Through a thorough analysis of the MSU’s accounting practices, KPMG LLG, who assessed the statements of operations and examined changes in net assets and cash flow, did not report on significant internal control deficiencies.
Such a positive trend can be attributed to the expectations set by the Board of Directors on the MSU.
After the near-$1-million debt in 2010, most of which resulted from the rising cost of administering the dental and health plans without adjusting the student fee to match the increase in claimants, the governing body outlined that it must lower expenses by five per cent, even if sales would not increase.
With such an expectation, the deficit was largely cut. It was projected that a deficit of $402,309 for the 2010/2011 year would be observed, however, a deficit of only $149,078 was reported.
Positive trends such as above are further evident if one looks into the inner workings of the MSU.
“We saw a concerted effort from all business last year to improve their customer service and satisfaction. This led to an increase in volume of costumers,” said Thompson.
“TwelvEighty, under new management, made an effort to improve food quality. Union Market worked extremely hard to get competing suppliers to offer us the best prices. Underground Media + Design managed to pick up some of the largest courses on campus for their courseware project, such as first year Engineering and Pyschology,” he added.
Thompson noted that despite the optimism, work needs to be done. One such area is regarding the MSU’s investment policy.
As it stands currently, there exists no mechanism within the MSU to direct investment policies.
Consequently, there is little to no direction regarding both how an investment is done and the willingness of an organization to contribute to the MSU’s portfolio.
“Our current investment portfolio is very low risk meaning very low yield, mostly in the bond market.”
In KPMG’s audit report, a suggestion was offered. It was observed that by drafting an investment policy regarding the MSU’s level of market risk, the MSU would be able to use funds more efficiently.
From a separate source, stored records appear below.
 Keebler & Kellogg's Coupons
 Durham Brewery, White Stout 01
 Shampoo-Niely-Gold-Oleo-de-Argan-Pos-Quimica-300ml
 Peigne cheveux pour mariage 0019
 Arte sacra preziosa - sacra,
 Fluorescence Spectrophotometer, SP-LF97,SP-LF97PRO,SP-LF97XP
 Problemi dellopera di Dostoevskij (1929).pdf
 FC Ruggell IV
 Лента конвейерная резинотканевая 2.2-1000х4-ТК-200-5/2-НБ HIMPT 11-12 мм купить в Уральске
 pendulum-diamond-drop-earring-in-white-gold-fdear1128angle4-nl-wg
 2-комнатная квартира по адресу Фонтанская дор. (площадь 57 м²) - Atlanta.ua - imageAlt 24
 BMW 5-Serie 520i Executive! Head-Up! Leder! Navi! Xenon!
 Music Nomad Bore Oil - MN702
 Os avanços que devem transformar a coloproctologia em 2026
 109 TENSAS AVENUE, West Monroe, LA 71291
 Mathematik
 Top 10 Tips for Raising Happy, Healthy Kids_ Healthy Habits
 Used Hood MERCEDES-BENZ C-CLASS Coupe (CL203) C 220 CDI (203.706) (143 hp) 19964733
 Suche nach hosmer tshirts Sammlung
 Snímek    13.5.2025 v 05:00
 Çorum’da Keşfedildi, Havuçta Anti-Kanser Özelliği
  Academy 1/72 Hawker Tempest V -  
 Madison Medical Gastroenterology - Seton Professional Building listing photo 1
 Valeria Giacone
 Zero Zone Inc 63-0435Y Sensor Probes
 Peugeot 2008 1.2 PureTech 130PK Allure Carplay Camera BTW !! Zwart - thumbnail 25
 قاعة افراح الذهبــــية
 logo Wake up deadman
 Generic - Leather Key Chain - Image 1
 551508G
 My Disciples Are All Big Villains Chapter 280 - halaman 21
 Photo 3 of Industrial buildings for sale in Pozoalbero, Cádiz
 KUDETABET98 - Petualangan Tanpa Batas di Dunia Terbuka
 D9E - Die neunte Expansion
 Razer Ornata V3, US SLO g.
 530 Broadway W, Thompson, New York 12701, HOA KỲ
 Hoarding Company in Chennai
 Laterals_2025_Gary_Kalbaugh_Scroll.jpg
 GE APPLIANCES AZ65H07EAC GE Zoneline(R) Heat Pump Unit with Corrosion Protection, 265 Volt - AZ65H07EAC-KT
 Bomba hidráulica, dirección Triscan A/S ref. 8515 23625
As to projections for this year, Thompson hesitated.
“The budget released earlier this year predicts that if all our businesses and services manage to keep exactly as we have predicated, we expect a surplus of $120,163 at the end of the year.”
“However, since the majority of all our business happens during the academic year, it’s still too early to tell exactly,” he added.
Even if it is “too early to tell”, the positive trends suggest that with the appropriate management, the MSU will no long worry over deficit. Instead, the challenge may be of a different nature: mo’ money, mo’ problems.